Zijn studie, gepubliceerd in het collegiaal getoetste tijdschrift Jerusalem Journal of Archaeology, heeft echter wel wat stof doen opwaaien – meerdere experts uiten kritiek.
Zij vinden dat Garfinkel niet voldoende bewijs levert voor zijn theorie op basis van de analyse van vijf versterkte nederzettingen rond Jeruzalem.
Volgens archeologen dateren de plaatsjes uit het begin van de 10e eeuw v.Chr. – wat de stichting van de nederzettingen ongeveer 200 jaar eerder in de tijd plaatst dan tot nu toe werd gedaan.
Als Garfinkel gelijk heeft, lijkt het erop dat de nederzettingen deel uitmaakten van het koninkrijk Juda (Judea) en dat ze werden gebouwd in de tijd dat koning David over Israël zou hebben geregeerd.
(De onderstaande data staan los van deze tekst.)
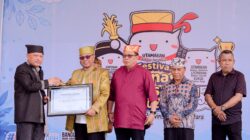 Pemkot Ternate Terima Penghargaan Revitalisasi Bahasa Daerah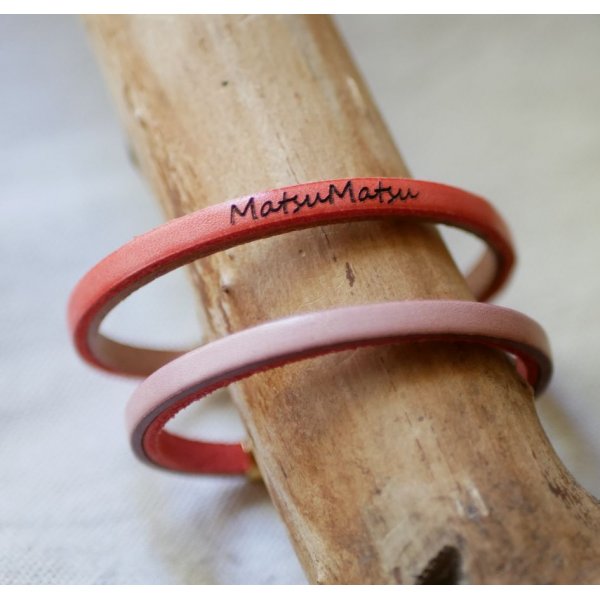 Bracciale in pelle bicolore personalizzato con chiusura dorata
Met andere woorden, hij moet een aanzienlijk rijk hebben bestuurd – iets dat veel geleerden in twijfel hebben getrokken, omdat er weinig bewijs is van daadwerkelijke nederzettingen tijdens de heerschappij van koning David.
Garfinkel baseert zijn theorie vooral op de gelijkenis tussen de bouwwerken in de nederzettingen, wat suggereert dat ze deel uitmaakten van een verenigd netwerk.
De steden zijn ook verbonden door georganiseerde wegen – volgens hem nog een aanwijzing dat ze tot hetzelfde rijk behoorden.
Veroorzaakte ophef
Zijn bevindingen zijn opmerkelijk omdat we historisch gezien bijna niets over David weten – behalve wat er in de Bijbel staat.
Daarom voeren geleerden een hevige discussie over de vraag of de Bijbelse verslagen wel kloppen.
In de Bijbel wordt koning David beschreven als een jonge herder die beroemd wordt nadat hij de reus Goliath heeft verslagen.
Hij werd koning over de stam Juda en later over het hele koninkrijk Israël.
Een ‘oversimplificatie’
Het onderzoek van Garfinkel bevestigt de Bijbelse interpretatie van koning David als een machtig heerser van een enorm rijk.
Maar volgens vakgenoten is zijn theorie te simplistisch.
‘Ik denk dat het een oversimplificatie is en dat hij de details afvlakt,’ stelt hoogleraar Aren Maeir, archeoloog aan de Bar-Ilan Universiteit in Israël, in The Times of Israel.
‘Er zijn veel details waar ik het niet mee eens ben en er zijn problematische generalisaties over een lange periode.’